Data block —
▬▬▬

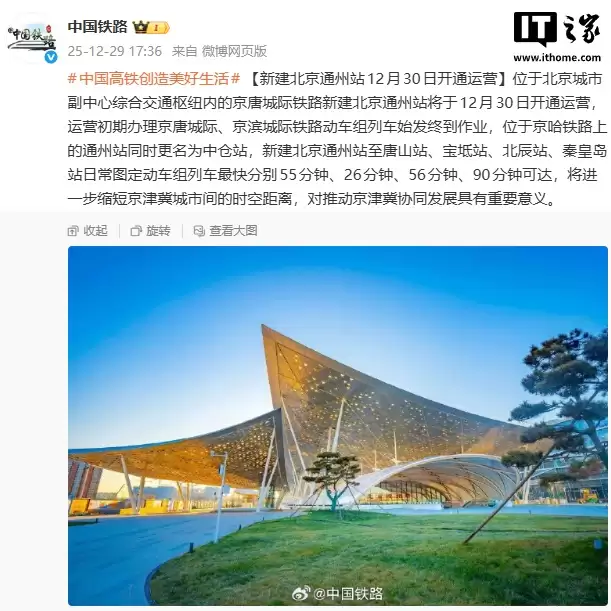 新建北京通州站明日开通运营,原京哈铁路通州站更名为中仓站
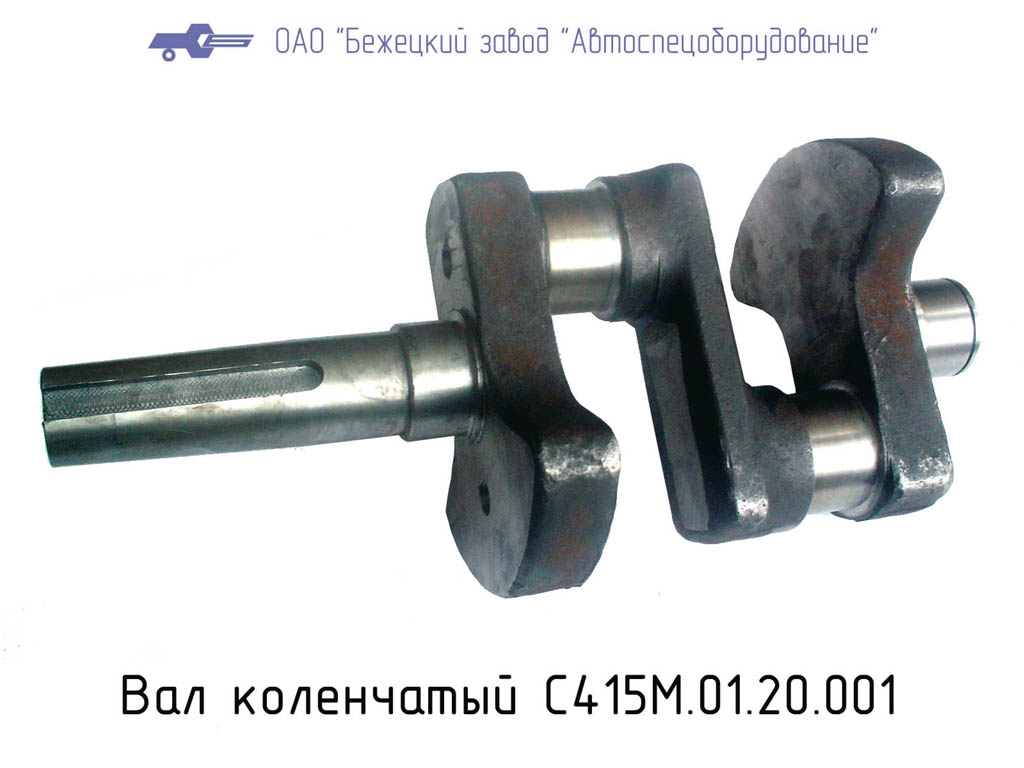 Вал коленчатый С415М.01.20.001 в Тамбове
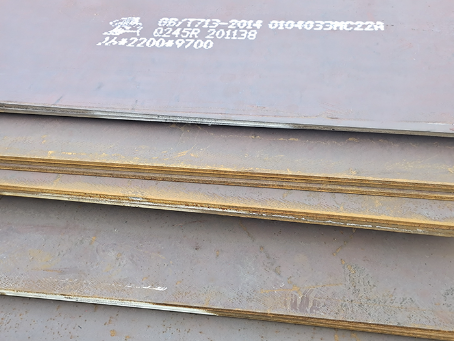 四方台容器板-Q245R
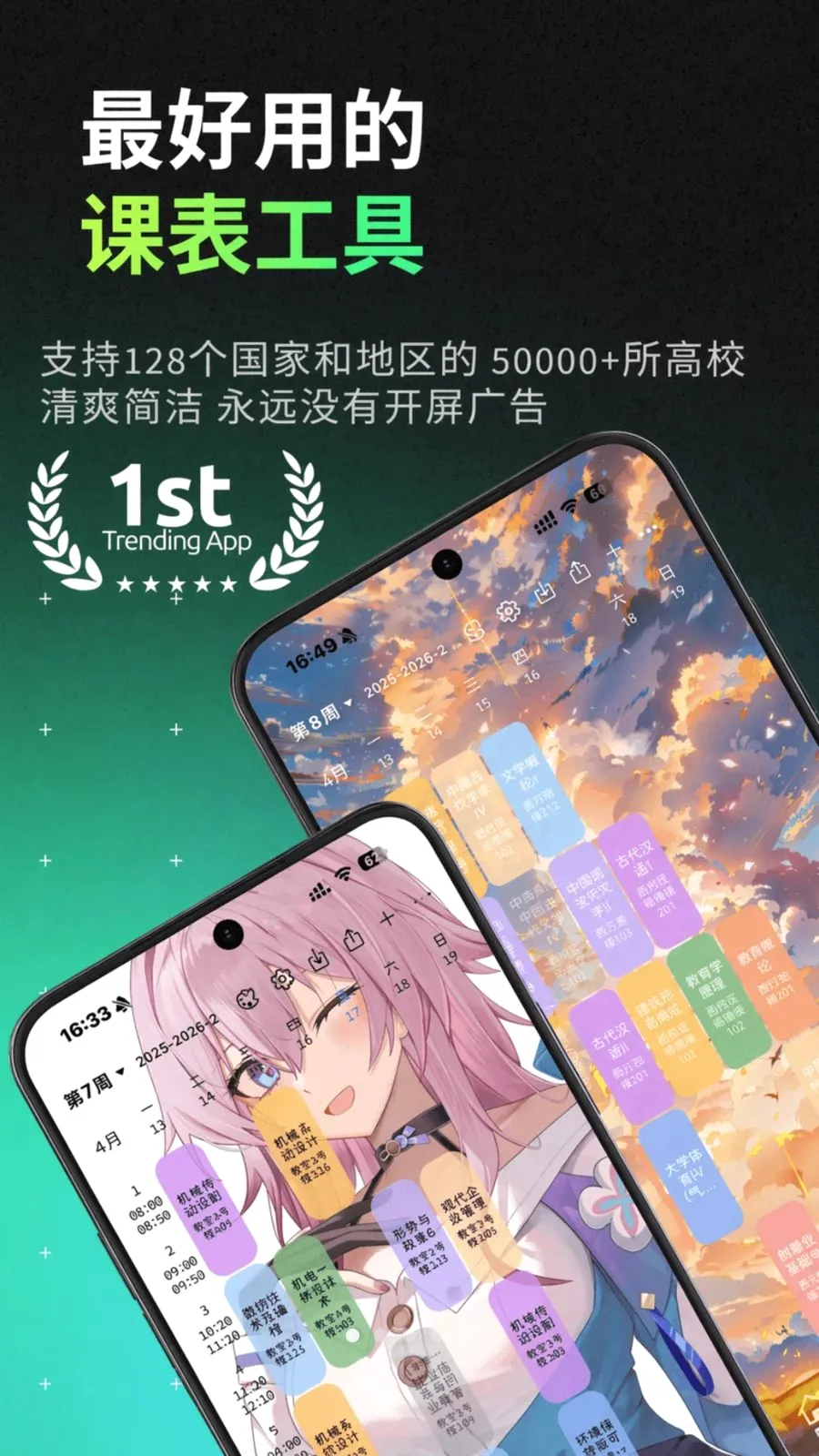 �׿α���׿���ֻ���v0.0.25 ��׿���ͼ0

▬▬▬

Your assignment — What is needed is a word-for-word copy of the data above, free of any images.

Answer for this exercise —
 新建北京通州站明日开通运营,原京哈铁路通州站更名为中仓站
 Вал коленчатый С415М.01.20.001 в Тамбове
 四方台容器板-Q245R
 �׿α���׿���ֻ���v0.0.25 ��׿���ͼ0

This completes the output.